Clasificar mails con neuronas de insecto
Una de las pruebas más concretas fue, justamente, pedirle a esa red biológica simulada que ordenara correos electrónicos. La comparación es bastante justa, porque lo pusieron a correr contra una pequeña red neuronal artificial convencional, de esas que se usan hoy en cualquier sistema de spam. El modelo de la mosca llegó a cubrir aproximadamente el 80 por ciento de la precisión de esa red hecha a mano. Es un número importante: no significa que acertó el 80 por ciento de los mails, sino que rindió un 80 por ciento de lo que rinde un sistema diseñado específicamente para esa tarea. Para dimensionarlo con una comparación de cocina, es como cocinar un guiso con una receta que no es la tradicional y que, igual, te queda bastante parecido al de la abuela, aunque no igual.

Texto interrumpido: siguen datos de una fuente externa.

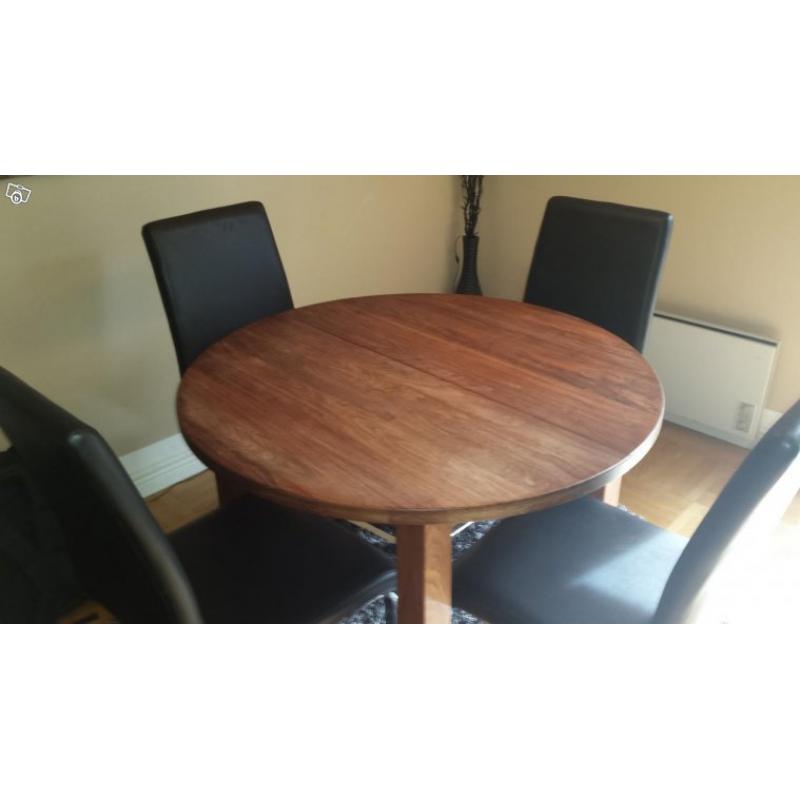 Unikt matbord i massiv Valnöt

Del Doom a las criptomonedas, pasando por el cableado biológico
Lo curioso es que el Alex Wormuth, de Google Research, llevó ese mismo cableado de mosca al videojuego Doom. La idea es sencilla de explicar: cada cuadro del juego se convierte en un estímulo que alimenta a las neuronas sensoriales simuladas; la información de brillo y color viaja por la red y termina traduciéndose en acciones que el personaje ejecuta. Cuando el protagonista recibe daño pero no muere, se activan unas células dopaminérgicas que funcionan como señal de refuerzo, casi como un reto de la tía cuando te dice "mira que te lastimás". Wormuth también armó un proyecto llamado Stonkfly, donde gráficos financieros en tiempo real se usan para decidir compras y ventas de criptomonedas dentro de una cartera virtual. Las ganancias estimulan 15 células asociadas a recompensa; las pérdidas, otras dos vinculadas con respuestas aversivas. Atención: esto es un experimento de laboratorio, no un consejo de inversión ni un resultado que demuestre que el sistema sirve para ganar plata.

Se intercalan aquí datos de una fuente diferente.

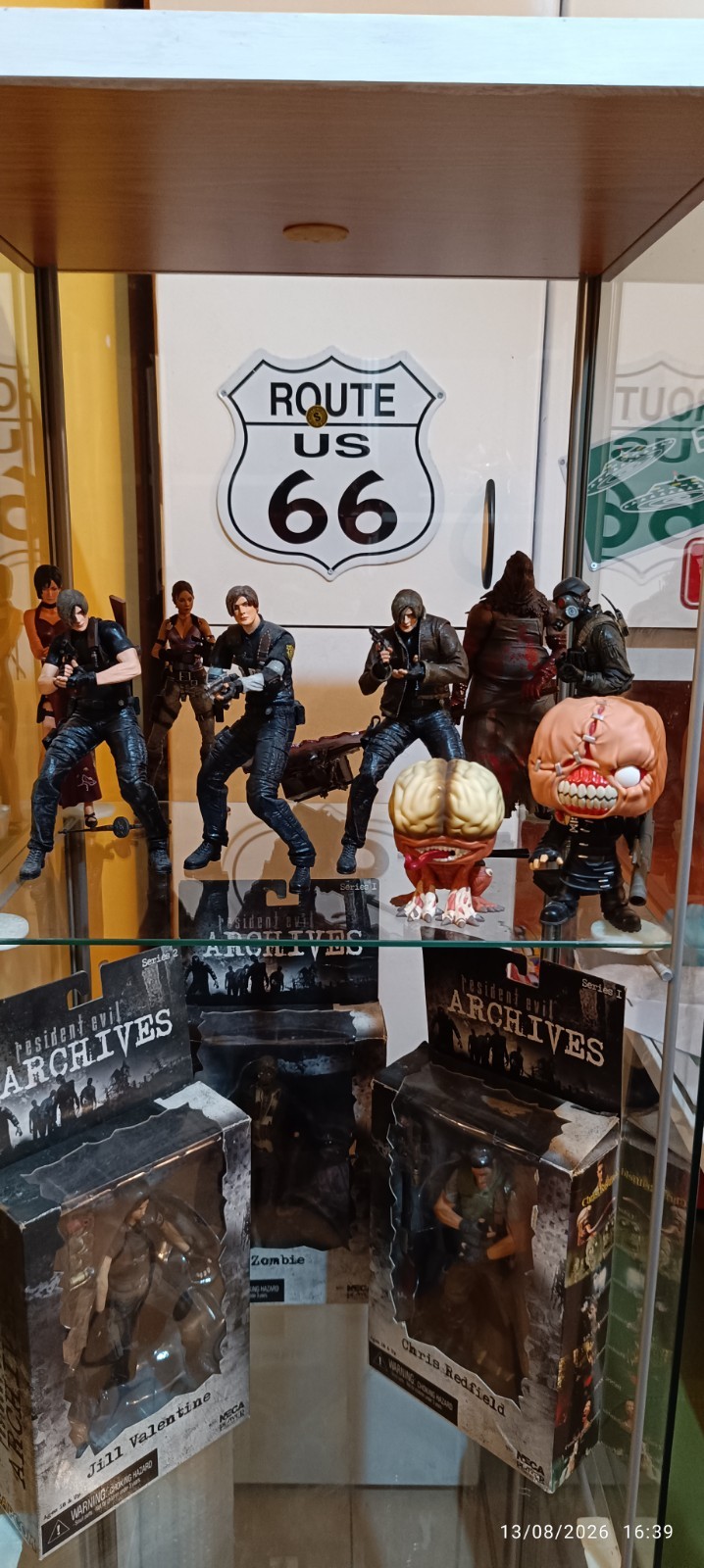Lotto Resident Evil Figures Neca e Funko Pop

Qué cambia, en la práctica, para el resto de los mortales
Acá viene la pregunta del millón: ¿esto me sirve a mí, que recién estoy aprendiendo a usar el chat de inteligencia artificial del teléfono? La respuesta corta es no, todavía no. Estas simulaciones suelen ser más lentas y menos precisas que las redes artificiales diseñadas a medida para cada tarea, y necesitan muchísima potencia de cálculo para correr. Pero el experimento abre una ventana enorme para entender cómo procesa información un cerebro real, por más chiquito que sea, y para probar ideas sobre aprendizaje y toma de decisiones sin tocar un laboratorio con moscas vivas. Es ciencia básica con aroma a futuro: el día que entendamos bien cómo 166 mil neuronas de insecto resuelven problemas, vamos a estar más cerca de fabricar máquinas que piensen un poquito más parecido a nosotros.